Abgesehen von einigen Texten (wie z. B. Jes 13, 21 und 22), die einer genauen literarkritischen Betrachtung unterzogen werden, gewinnt man oft den Eindruck, dass Texte ohne ausreichende literarkritische, semantische und inhaltliche Prüfung aufgeteilt und bestimmten Schichten zugewiesen werden (z. B. Mi 7). Doch auch da, wo B.-N. literarkritisch arbeitet, fallen bei genauer Betrachtung Ungereimtheiten auf. Rechnet er in Jes 13,9-13 auf Grund der Einbeziehung der Himmelskörper in das Jahwegericht (70) mit einer späteren Fortschreibung eines Grundbestandes 13,2-8.14-16 (AB-RJes) und 13,1.17-22 (B-RJes), fällt bei der Lektüre von Joel 2,10-11, welches nach B.-N. der mit AB-RJes in Korrespondenz stehende AB-RXII angehört auf, dass hier bereits auf der Ebene der Grundschicht das Kommen des Jahweheeres Reaktionen der Erde, des Himmels und der Himmelskörper in Analogie zu Jes 13,9-13 auslöst. Demnach hat Joel 2,1-11 nicht nur Jes 13,2-8.14-16, sondern offensichtlich auch bereits Jes 13,9-13 vor Augen. Will man demnach die von B.-N. vorgeschlagene literarkritische Scheidung in Jes 13 aufrechterhalten, so folgt daraus zwangsläufig, dass Joel 2,1-11 bedeutend später als AB-RJes und B-RJes zu datieren ist, folglich für eine AB-RJes entsprechende redaktionelle Fortschreibung ABXII ausfällt. So anerkennenswert der Versuch B.-N.s sicher ist, die offenkundigen Beziehungen zwischen dem Jesajabuch und dem XII auf redaktionsgeschichtlichem Weg zu klären, so sehr mahnt doch gerade dieses Beispiel auch zur Vorsicht.

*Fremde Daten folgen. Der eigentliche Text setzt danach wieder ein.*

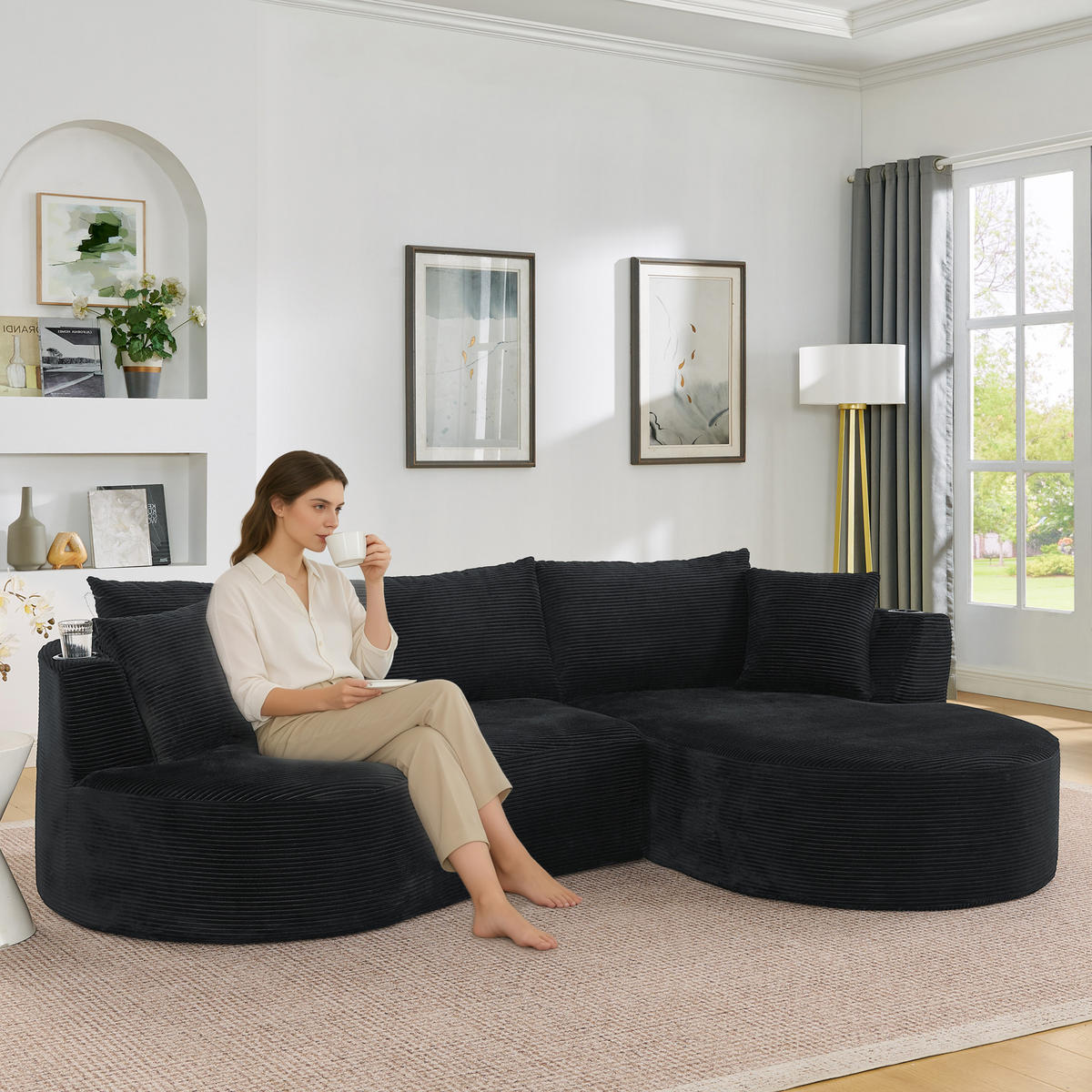 3-SITZER ECKSOFA Cord Schwarz mit Getränkehaltern und Kissen - Schwarz, Textil (264/168cm) - WISHDOR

Unbestritten stellt B.-N. die richtigen Fragen und kann eine Reihe wichtige und weiterführende Beobachtungen geltend machen. Doch scheint mir die Einzeltextuntersuchung, insbesondere im XII, unter der Fragestellung buchübergreifender Lesezusammenhänge noch nicht weit genug gediehen zu sein, um ein derart differenziertes Modell der Entstehung des Corpus propheticum bereits heute wahrscheinlich machen zu können.